I would frame this slightly differently and say that this is the paradigmatic case which forms the basis of our initial definition. I think the example of numbers can be constructive here. The first numbers to be defined are the counting numbers: 1, 2, 3, 4... It is then convenient to add fractions, then zero, then negative numbers and eventually we extend to the complex numbers. In each case we've slightly shifted the definition of what a number is and this choice is solely determined by convention. Of course, convention isn't arbitrary, but determined by what is natural.

Similarly, the cases where there is actual uncertainty provides the initial domain over which we define counterfactuals. And we can then try to extend this as you are doing above. I see this as a very promising approach.

A lot of what you are saying there aligns with my most recent research direction (Counterfactuals as a matter of Social Convention), although it's unfortunately stalled with coronavirus and my focus being mostly on attempting to write up my ideas from the AI safety program. There seem to be a bunch of properties that make a situation more or less likely to be accepted by humans as a valid counterfactual. I think it would be viable to identify the main factors, with the actual weighting being decided by each human. This would acknowledge both the subjective, constructed nature of counterfactuals, but also the objective elements with real implications that doesn't make this a completely arbitrary choice. I would be keen to discuss further/bounce ideas of each other if you'd be up for it.
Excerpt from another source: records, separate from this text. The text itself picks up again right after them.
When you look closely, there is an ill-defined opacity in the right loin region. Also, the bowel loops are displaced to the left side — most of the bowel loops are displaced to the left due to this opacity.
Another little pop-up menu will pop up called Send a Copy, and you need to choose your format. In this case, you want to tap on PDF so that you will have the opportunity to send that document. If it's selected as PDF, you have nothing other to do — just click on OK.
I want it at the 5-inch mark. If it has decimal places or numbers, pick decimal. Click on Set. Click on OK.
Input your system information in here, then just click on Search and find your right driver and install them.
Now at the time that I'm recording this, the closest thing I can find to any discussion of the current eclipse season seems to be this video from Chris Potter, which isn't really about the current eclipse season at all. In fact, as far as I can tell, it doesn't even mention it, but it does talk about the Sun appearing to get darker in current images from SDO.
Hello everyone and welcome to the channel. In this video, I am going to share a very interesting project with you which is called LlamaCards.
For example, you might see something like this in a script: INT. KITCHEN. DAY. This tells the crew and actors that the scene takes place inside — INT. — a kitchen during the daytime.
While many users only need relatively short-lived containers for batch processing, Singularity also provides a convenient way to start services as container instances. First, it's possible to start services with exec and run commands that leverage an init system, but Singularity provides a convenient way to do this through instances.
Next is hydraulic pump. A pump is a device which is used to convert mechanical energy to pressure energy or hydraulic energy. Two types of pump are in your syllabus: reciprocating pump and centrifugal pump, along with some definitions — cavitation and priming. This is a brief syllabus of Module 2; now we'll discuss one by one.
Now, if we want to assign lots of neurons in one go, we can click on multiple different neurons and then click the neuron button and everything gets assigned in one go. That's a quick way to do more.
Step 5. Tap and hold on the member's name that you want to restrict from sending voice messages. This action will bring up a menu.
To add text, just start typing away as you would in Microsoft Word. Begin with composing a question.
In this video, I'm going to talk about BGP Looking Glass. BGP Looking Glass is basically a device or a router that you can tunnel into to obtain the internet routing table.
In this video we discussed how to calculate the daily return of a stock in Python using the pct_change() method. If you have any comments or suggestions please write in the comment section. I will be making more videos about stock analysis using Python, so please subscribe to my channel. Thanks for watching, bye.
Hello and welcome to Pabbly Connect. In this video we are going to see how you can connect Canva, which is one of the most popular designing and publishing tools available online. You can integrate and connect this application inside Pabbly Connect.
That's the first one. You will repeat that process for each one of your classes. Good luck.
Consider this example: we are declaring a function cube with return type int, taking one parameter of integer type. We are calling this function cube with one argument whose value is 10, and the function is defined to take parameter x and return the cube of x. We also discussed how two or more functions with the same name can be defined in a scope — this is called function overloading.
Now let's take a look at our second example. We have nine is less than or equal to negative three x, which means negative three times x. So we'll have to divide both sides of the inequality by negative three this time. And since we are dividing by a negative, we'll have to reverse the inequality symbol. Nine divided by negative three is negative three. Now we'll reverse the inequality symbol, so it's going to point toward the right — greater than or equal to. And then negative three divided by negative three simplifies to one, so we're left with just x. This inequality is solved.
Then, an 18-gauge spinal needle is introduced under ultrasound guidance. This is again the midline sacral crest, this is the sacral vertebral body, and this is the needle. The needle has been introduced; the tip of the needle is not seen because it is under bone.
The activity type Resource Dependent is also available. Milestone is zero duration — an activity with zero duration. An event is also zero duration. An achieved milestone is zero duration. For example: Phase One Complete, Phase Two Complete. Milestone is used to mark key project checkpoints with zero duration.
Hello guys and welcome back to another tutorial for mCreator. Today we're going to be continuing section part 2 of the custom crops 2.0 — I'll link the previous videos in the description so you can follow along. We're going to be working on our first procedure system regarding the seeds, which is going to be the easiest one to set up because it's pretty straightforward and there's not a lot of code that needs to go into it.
Finally, when some counterfactual would be inconsistent with our model, we might take it for granted that we are supposed to relax M in some manner

This sounds very similar to the erasure approach I was previously promoting, but have shifted away from. Basically, I when I started thinking about it, I realised that only allowing counterfactuals to be constructed by erasing information didn't match how humans actually use counterfactuals.

Second, when doing counterfactuals, we might take it for granted that you are to replace the actual observation history o by some alternative o′

This is much more relevant to how I think now.

I think that "a typical AF reader" uses a model in which "a typical CDT adherent" can deliberate, come to the one-boxing conclusion, and find 1M in the box, making the options comparable for "typical AF readers". I think that "a typical CDT adherent" uses a model in which "CDT adherents" find the box empty while one-boxers find it full, thus making the options incomparable

I think that's an accurate framing of where they are coming from.

The third question I didn't understand.

What was unclear? I made one typo where I said an EDT agent would smoke when I meant they wouldn't smoke. Is it clearer now?

An evidential decision theorist would smoke in the Smoking Lesion problem so they don't get cancer.

Is this possibly a typo, and should it instead say that EDT would not smoke? (I never seem to remember the details of Smoking Lesion, but this seems inconsistent with the "so they don't get cancer".)

Yeah, sorry, that's a typo, fixed now.